Bois-Blanc a tremblé

La nuit de vendredi à samedi aura été sans doute très longue pour les
habitants du quartier de Bois-Blanc, situé à moins de trois kilomètres de la
première coulée qui a traversé vendredi soir la RN2 près de la Vierge au
parasol. Albert Cadet, agriculteur, qui vit sur les hauteurs de Bois-Blanc, pas
loin des montagnes, a vu dévaler la lave sur les pentes abruptes. “Le village a
tremblé”, dit-il.
En ce samedi après-midi, tout paraît bien calme dans le village de Bois-Blanc. Il pleut. Le ciel est chargé. L’atmosphère est lourde. Bois-Blanc sent le soufre. Les plus jeunes s’amusent à vélo sur la RN2, dégagée pour la circonstance, car un peu plus haut, près du chemin de l’anse des Cascades, les gendarmes ont installé un premier barrage. Devant la vieille boutique en bois du village, les habitués sirotent leur bière ou leur rhum. Mais dans les petites cases, les plus anciens ne parlent pas beaucoup. Ils écoutent la radio. Ils attendent. La veille, ils n’ont pas beaucoup dormi. Ils ont écouté et surtout scruté les collines situées derrière leurs habitations. “Nous vivons ici dans une zone de turbulences”, reconnaît Albert Cadet, agriculteur, qui a construit sa maison sur les hauteurs de Bois-Blanc depuis bientôt 15 ans. Mais il habite le quartier depuis 1957. Son fils et ses deux filles se sont installés dans les environs. Le garçon fait de l’élevage de porcs. Il en possède 300. Lui non plus n’a pas fermé l’œil de la nuit. Il reste en étroite relation avec la CPPR et les gendarmes, au cas où il faudrait procéder à une évacuation d’urgence des habitants, mais également de ses porcs. Son gagne-pain. Après une dure journée de travail, comme tous les soirs, Albert Cadet était tranquillement assis dans son fauteuil et regardait les informations à la télé vendredi soir. “Il était 19h35. Mon fauteuil s’est mis à bouger en allant devant et derrière pendant une bonne poignée de secondes. Ma petite fille faisait la vaisselle. Tout a failli se renverser. Elle a essayé tant bien que mal de tenir les assiettes et les verres...”, raconte Albert Cadet.
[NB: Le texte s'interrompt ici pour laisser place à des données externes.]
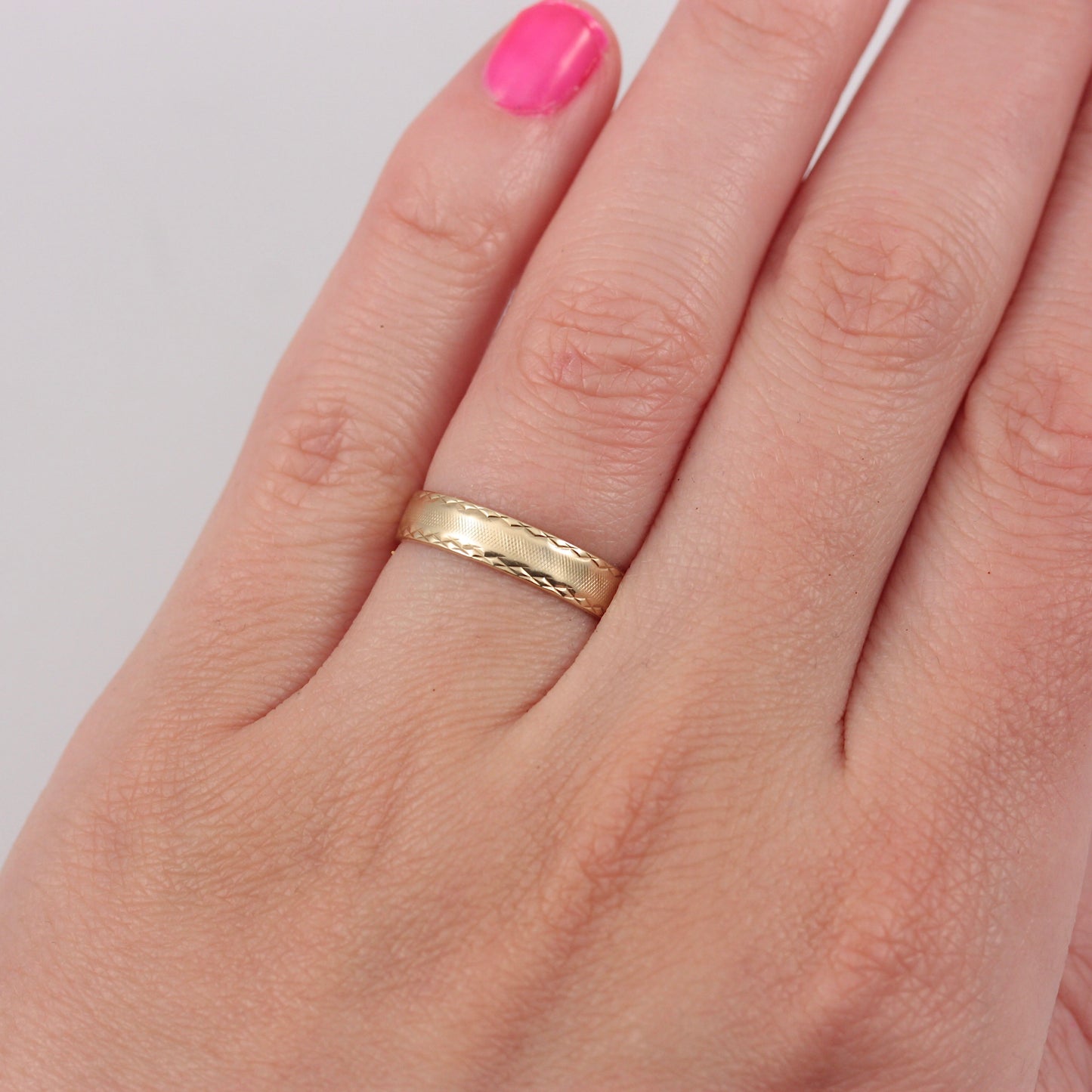 Vintage 9ct Gold Textured Band Ring, 1982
“Une forte odeur de terre cuite”
Sa petite
famille et lui se sont alors précipités dehors pour regarder derrière “le parc
des animaux”, en direction des pitons Moka et Nelson et de la ravine Bois-Blanc,
situés à moins d’un kilomètre de son domicile. “La montagne était toute rouge.
Ça sentait le soufre et le bois brûlé. On entendait des craquements, un bruit
assourdissant. On voyait la lave descendre sur les pentes”, souligne Albert
Cadet. Un de ses petits enfants précise avoir entendu une grosse explosion aux
alentours de 17 heures, vendredi. Albert Cadet confirme. Il ajoute : “On
savait qu’il allait se passer quelque chose. Deux jours avant l’éruption, on a
senti une forte odeur de terre cuite”. L’agriculteur passe toutes ses journées
dans son verger de mandarines et de longanis plantés d’ailleurs sur un sol
rocailleux : la roche volcanique. Vers 19h45, il y aurait eu une autre
secousse, “plus petite”, selon l’agriculteur. Si le volcan constitue un
spectacle pour de nombreux Réunionnais, il n’en est pas de même pour les 1 200
habitants de Bois-Blanc. Albert Cadet se souvient de la coulée de 1977. “Les
laves sont arrivées par la ravine Bois-Blanc. On a été obligé d’enlever tout
notre paquet pour aller chez la belle-mère à Piton-Sainte-Rose. On croyait être
en sécurité à Piton-Sainte-Rose, mais manque de chance, les laves sont également
arrivées sur Piton. On a repris toutes nos affaires et nous sommes partis chez
une belle-sœur à Saint-Benoît. Les locaux de la gendarmerie de Piton avaient été
complètement détruits par les coulées volcaniques”. Dans les années 1980, le
quartier avait été évacué. À chaque éruption, Bois-Blanc reste donc en état
d’alerte. Les habitants attendent patiemment, en regardant passer dans la rue,
sous leurs fenêtres, les centaines d’admirateurs venus des quatre coins de
l’île, pour immortaliser les coulées de lave. Ils écoutent également le bruit
des hélicoptères et des petits avions dans le ciel, avec à leur bord des
spectateurs plus fortunés. Ils savent aussi que pas loin de chez eux, près de la
place de l’église de Piton-Sainte-Rose, des militaires et des sapeurs-pompiers
sont là, prêts à passer à l’action en cas de besoin.
Y.M.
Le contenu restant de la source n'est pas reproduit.